_DATA IN THIS EXERCISE:_
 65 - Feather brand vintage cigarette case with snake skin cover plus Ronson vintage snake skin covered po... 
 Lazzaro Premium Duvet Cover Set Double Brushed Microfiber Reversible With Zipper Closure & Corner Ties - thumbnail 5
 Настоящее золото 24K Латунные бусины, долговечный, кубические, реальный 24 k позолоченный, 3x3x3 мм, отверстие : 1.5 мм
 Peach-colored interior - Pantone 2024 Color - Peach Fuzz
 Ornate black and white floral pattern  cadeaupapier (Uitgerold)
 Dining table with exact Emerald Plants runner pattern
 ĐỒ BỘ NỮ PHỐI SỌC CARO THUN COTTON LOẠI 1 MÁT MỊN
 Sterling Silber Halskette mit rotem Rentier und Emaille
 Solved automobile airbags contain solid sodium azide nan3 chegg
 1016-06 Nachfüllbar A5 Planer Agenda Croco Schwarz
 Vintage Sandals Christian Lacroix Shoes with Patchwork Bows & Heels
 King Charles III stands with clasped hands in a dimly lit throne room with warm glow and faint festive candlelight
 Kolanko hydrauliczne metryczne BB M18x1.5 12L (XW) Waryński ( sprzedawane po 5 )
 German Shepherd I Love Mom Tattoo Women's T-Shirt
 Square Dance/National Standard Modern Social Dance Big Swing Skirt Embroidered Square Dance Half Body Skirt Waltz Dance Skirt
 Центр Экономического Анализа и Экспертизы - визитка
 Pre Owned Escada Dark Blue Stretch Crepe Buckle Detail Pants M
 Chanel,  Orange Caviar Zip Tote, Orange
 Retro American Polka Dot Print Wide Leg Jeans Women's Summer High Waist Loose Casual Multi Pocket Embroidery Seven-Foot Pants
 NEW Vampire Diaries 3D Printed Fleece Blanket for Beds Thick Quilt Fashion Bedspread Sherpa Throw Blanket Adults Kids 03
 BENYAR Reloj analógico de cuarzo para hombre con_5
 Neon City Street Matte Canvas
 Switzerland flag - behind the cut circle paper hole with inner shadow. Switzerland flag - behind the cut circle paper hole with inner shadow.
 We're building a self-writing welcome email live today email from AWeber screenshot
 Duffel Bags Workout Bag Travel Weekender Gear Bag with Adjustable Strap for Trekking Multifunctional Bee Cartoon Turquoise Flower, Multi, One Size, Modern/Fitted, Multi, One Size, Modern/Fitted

_YOUR OBJECTIVE:_
Would you restate the material above word for word?

_OUTPUT FOR THIS EXERCISE:_
 65 - Feather brand vintage cigarette case with snake skin cover plus Ronson vintage snake skin covered po... 
 Lazzaro Premium Duvet Cover Set Double Brushed Microfiber Reversible With Zipper Closure & Corner Ties - thumbnail 5
 Настоящее золото 24K Латунные бусины, долговечный, кубические, реальный 24 k позолоченный, 3x3x3 мм, отверстие : 1.5 мм
 Peach-colored interior - Pantone 2024 Color - Peach Fuzz
 Ornate black and white floral pattern  cadeaupapier (Uitgerold)
 Dining table with exact Emerald Plants runner pattern
 ĐỒ BỘ NỮ PHỐI SỌC CARO THUN COTTON LOẠI 1 MÁT MỊN
 Sterling Silber Halskette mit rotem Rentier und Emaille
 Solved automobile airbags contain solid sodium azide nan3 chegg
 1016-06 Nachfüllbar A5 Planer Agenda Croco Schwarz
 Vintage Sandals Christian Lacroix Shoes with Patchwork Bows & Heels
 King Charles III stands with clasped hands in a dimly lit throne room with warm glow and faint festive candlelight
 Kolanko hydrauliczne metryczne BB M18x1.5 12L (XW) Waryński ( sprzedawane po 5 )
 German Shepherd I Love Mom Tattoo Women's T-Shirt
 Square Dance/National Standard Modern Social Dance Big Swing Skirt Embroidered Square Dance Half Body Skirt Waltz Dance Skirt
 Центр Экономического Анализа и Экспертизы - визитка
 Pre Owned Escada Dark Blue Stretch Crepe Buckle Detail Pants M
 Chanel,  Orange Caviar Zip Tote, Orange
 Retro American Polka Dot Print Wide Leg Jeans Women's Summer High Waist Loose Casual Multi Pocket Embroidery Seven-Foot Pants
 NEW Vampire Diaries 3D Printed Fleece Blanket for Beds Thick Quilt Fashion Bedspread Sherpa Throw Blanket Adults Kids 03
 BENYAR Reloj analógico de cuarzo para hombre con_5
 Neon City Street Matte Canvas
 Switzerland flag - behind the cut circle paper hole with inner shadow. Switzerland flag - behind the cut circle paper hole with inner shadow.
 We're building a self-writing welcome email live today email from AWeber screenshot
 Duffel Bags Workout Bag Travel Weekender Gear Bag with Adjustable Strap for Trekking Multifunctional Bee Cartoon Turquoise Flower, Multi, One Size, Modern/Fitted, Multi, One Size, Modern/Fitted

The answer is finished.